LVMH Says it May Add to Hermes Stake Acquired With 2008 Equity Swaps
LVMH Moet Hennessy Louis Vuitton SA may increase its holdings in Hermes International SCA following an earlier purchase of a 17.1 percent stake through equity swaps deals made in 2008, according to a regulatory filing.
LVMH concluded the swap contracts for cash settlement with three unnamed financial institutions in 2008. It then changed the terms to take physical delivery of the underlying shares and move the termination dates forward to Oct. 22 and 25, according to a statement filed today with the France’s market regulator, Autorite des Marches Financiers, and posted on its website.
The company “foresees buying shares in Hermes International, depending on the circumstances and the market situation,” LVMH said. “LVMH supports Hermes International’s strategic vision, its growth and positioning.”
LVMH, the world’s largest luxury-goods maker, announced Oct. 23 it held a 14.2 percent stake and derivatives instruments for another 2.9 percent in Hermes, the Paris-based maker of silk scarves and Birkin bags. Yesterday, LVMH said it had exercised those options in Hermes.
LVMH has said it doesn’t intend to launch a tender offer, take control or seek board seats at Hermes, where about 75 percent of the shares are controlled by members of the founding family. A call to Hermes seeking comment after regular business hours wasn’t immediately returned.
Last Year’s Rules
Under disclosure rules implemented last year by the AMF, an investor must report any acquisition of securities that entitle it to more than 5 percent of a company’s equity. Yet LVMH’s purchase of the Hermes stake may have exposed a problem with a second set of disclosure rules for cash-settled securities where there is no expectation shares will be physically delivered, said Colette Neuville, a French shareholder activist.
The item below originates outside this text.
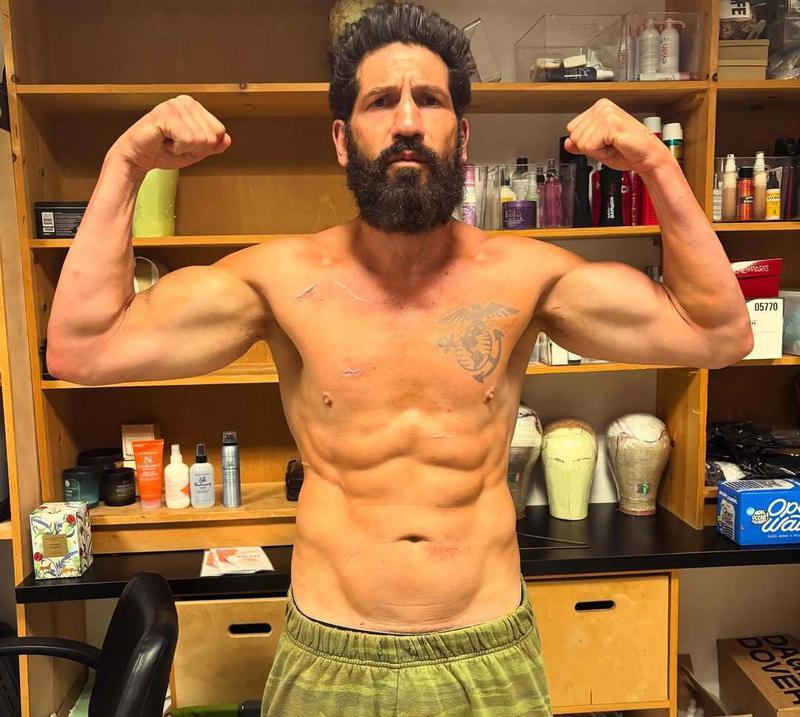 Jon Bernthal shirtless and flexing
Those rules don’t kick in until an investor surpasses the first 5 percent threshold.
“You have a cash contract for two, three years, however long you want without declaring anything because it’s in cash, and the day you want to take the shares, you change the contract,” Neuville said of LVMH’s statement. “Each operation is legal in itself, but the combination of them is what makes for a skirting of the regulations.”
LVMH acquired 12.13 percent of the shares through its Sofidiv SAS unit, which took control of the swap contracts on Oct. 21 and 22, making the change then from cash to physical delivery of the shares. The unit also advanced the swap settlement dates to this month from as far in the future as June 2012.
‘Shocking’
“What is shocking in the case of LVMH is that ultimately, they amassed three-quarters of the float without anyone seeing a thing,” said Neuville, who worked with the AMF in tightening the disclosure rules. “It’s not worth the trouble of making a rule if you can get around it so easily.”
The AMF is reviewing the stake purchase to ensure LVMH followed the regulations, a spokeswoman for the regulator said, declining to comment further on the matter.
LVMH “scrupulously followed French market rules notably in terms of rules regarding the breaching of share thresholds,” the company said in an e-mailed statement Oct. 25. LVMH said it is acting alone and financed the purchase itself, according to today’s filing.